» GIVEN MATERIAL
--
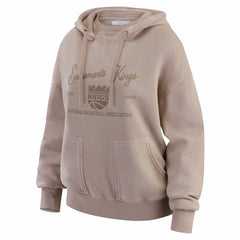 Sacramento Kings WEAR by Erin Andrews Women's Washed Pullover Crewdie Tan - NBA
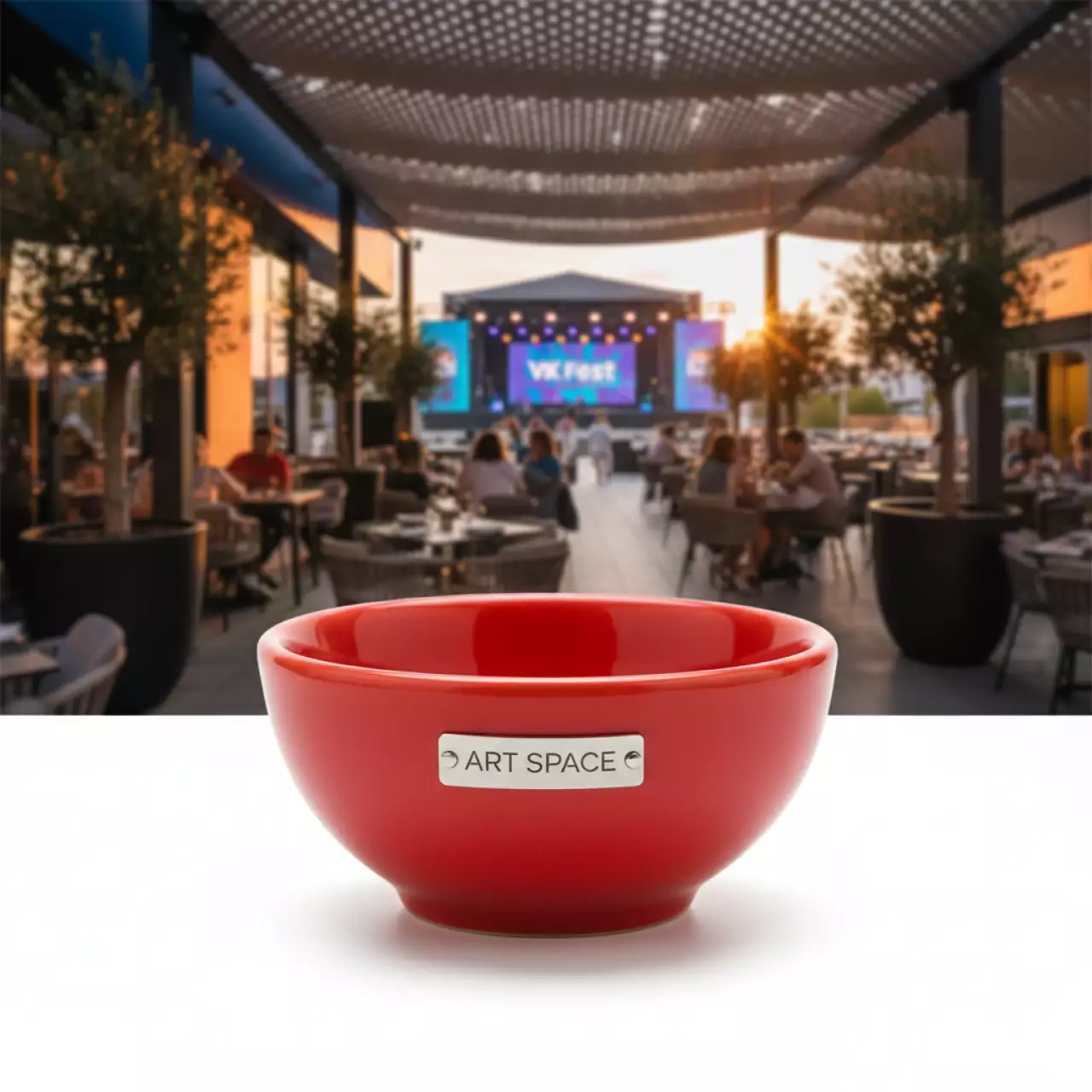 Аренда Блюдце для соуса красное 75х73 мм H 30 мм в ресторане «La Terrazza» — ART SPACE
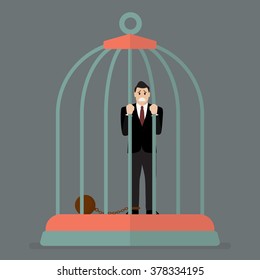 Businessman with weight in bird cage. Business concept
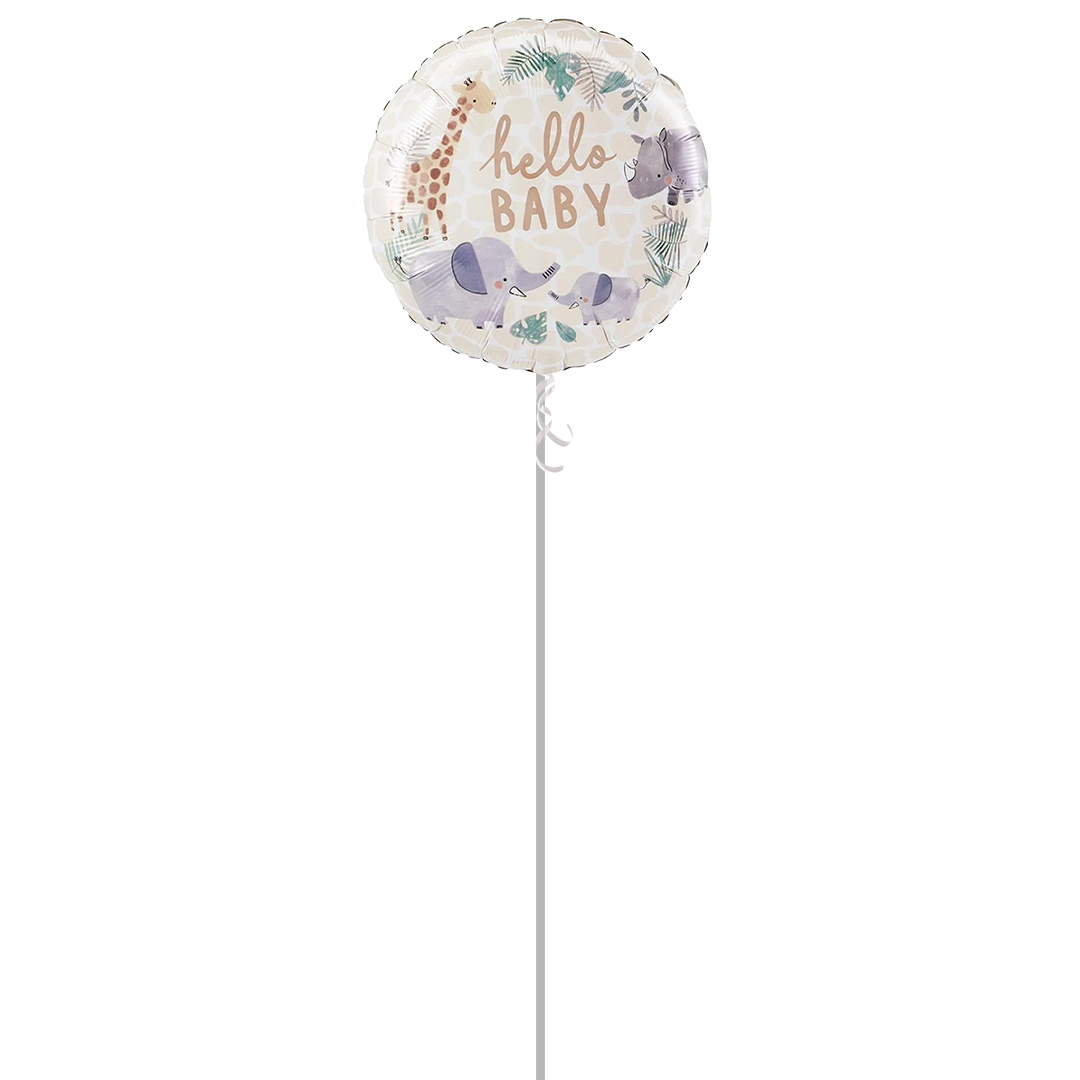 Soft Jungle Hello Baby Arrival Neutral Round Foil Helium Balloon - Inflated Balloon in a Box Product Gallery Image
--
» EXERCISE BRIEF
Copy out the listing above exactly, and keep the pictures out of it.

» FINISHED TASK
 Sacramento Kings WEAR by Erin Andrews Women's Washed Pullover Crewdie Tan - NBA
 Аренда Блюдце для соуса красное 75х73 мм H 30 мм в ресторане «La Terrazza» — ART SPACE
 Businessman with weight in bird cage. Business concept
 Soft Jungle Hello Baby Arrival Neutral Round Foil Helium Balloon - Inflated Balloon in a Box Product Gallery Image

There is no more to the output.